Studi yang dimuat di British Journal of Sports Medicine itu menaksir kebutuhan latihan aerobik sekitar 560 hingga 610 menit per minggu untuk menekan risiko penyakit kardiovaskular secara signifikan. Hasil ini tidak membantah manfaat anjuran dasar dari American Heart Association, tetapi memberi gambaran bahwa titik optimal perlindungan jantung bisa berada jauh lebih tinggi.
Penelitian tersebut menganalisis data lebih dari 17.000 peserta UK Biobank yang dikumpulkan pada 2013 hingga 2015. Rata-rata usia peserta adalah 57 tahun, sekitar 96 persen berkulit putih, dan 56 persen perempuan.
Selama hampir delapan tahun masa tindak lanjut, peneliti mencatat 1.233 kejadian kardiovaskular. Rinciannya mencakup 874 kasus fibrilasi atrium, 156 infark miokard, 111 gagal jantung, dan 92 kejadian stroke.
Dari data itu, peserta yang memenuhi pedoman 150 menit aktivitas aerobik per minggu hanya menunjukkan penurunan risiko kardiovaskular sekitar 8 persen hingga 9 persen.

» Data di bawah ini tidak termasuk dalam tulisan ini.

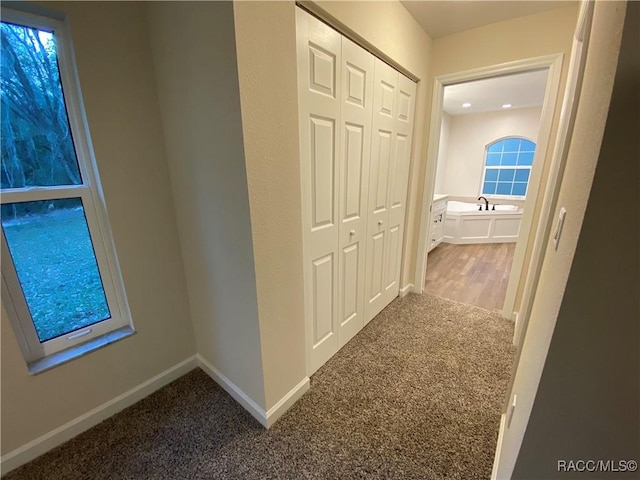 corridor featuring carpet floors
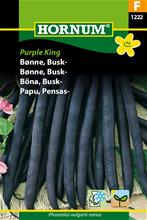 Bild Buskböna 'Purple King' frö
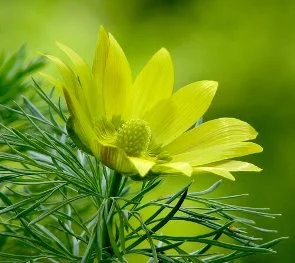 Спиртовая настойка Адониса (Горицвета)- фото № 5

Perlindungan yang lebih besar baru terlihat ketika volume olahraga meningkat jauh melampaui ambang minimum tersebut.
Semakin tinggi volume latihan, semakin besar perlindungan
Untuk menekan risiko kejadian kardiovaskular sebesar 20 persen, peserta dengan tingkat kebugaran terendah perlu berolahraga sedang hingga berat selama sekitar 370 menit per minggu. Pada kelompok dengan tingkat kebugaran tertinggi, durasi yang dibutuhkan tetap tinggi, yakni sekitar 340 menit per minggu.
Target penurunan risiko yang lebih besar membuat kebutuhan latihan meningkat lagi. Saat sasaran turun risiko melewati 30 persen, kebutuhan olahraga aerobik naik menjadi sekitar 560 hingga 610 menit per minggu.
Para penulis studi menilai angka itu memperlihatkan bahwa manfaat pencegahan yang lebih kuat baru muncul pada volume aktivitas fisik yang jauh lebih besar. Mereka juga menyebut pedoman saat ini memberi “margin keamanan universal tetapi sederhana”, sementara perlindungan kardiovaskular yang optimal bisa memerlukan aktivitas yang lebih banyak.
Kebugaran ikut memengaruhi kebutuhan latihan
Temuan lain yang menonjol adalah perbedaan kebutuhan olahraga berdasarkan kebugaran. Orang dewasa yang kurang bugar tampaknya perlu berlatih lebih banyak untuk mendapatkan manfaat jantung yang setara dengan mereka yang tingkat kebugarannya lebih tinggi.
Hal ini penting karena kemampuan fisik tiap orang tidak sama. Karena itu, target aktivitas tidak selalu bisa disamaratakan untuk semua orang.
Keith Diaz, profesor kedokteran perilaku di Columbia University Medical Center, menilai hasil studi ini sejalan dengan banyak penelitian sebelumnya. Ia mengatakan tingkat aktivitas fisik sedang hingga berat dan kebugaran kardiorespirasi yang lebih tinggi berkaitan dengan risiko penyakit jantung yang lebih rendah.
Diaz, yang tidak terlibat dalam penelitian itu, menilai temuan tersebut memperkuat pentingnya olahraga rutin untuk kesehatan jantung. Meski begitu, ia juga mengingatkan agar target mingguan yang sangat tinggi dipahami dengan hati-hati.
Apa artinya bagi anjuran 150 menit
American Heart Association saat ini merekomendasikan minimal 150 menit aktivitas aerobik intensitas sedang setiap minggu. Aktivitas ini mencakup gerakan yang membuat napas lebih cepat dan detak jantung meningkat, tetapi masih memungkinkan seseorang berbicara, seperti berjalan kaki, bersepeda, dan berlari.
Studi baru ini tidak menolak manfaat pedoman tersebut. Namun, hasilnya menunjukkan bahwa perlindungan jantung dapat meningkat jika durasi olahraga diperpanjang dan disesuaikan dengan kondisi masing-masing individu.
Dengan kata lain, 150 menit per minggu tetap menjadi titik awal yang penting. Bagi sebagian orang yang ingin menekan risiko penyakit kardiovaskular lebih jauh, volume olahraga yang lebih tinggi tampaknya memberi hasil yang lebih kuat.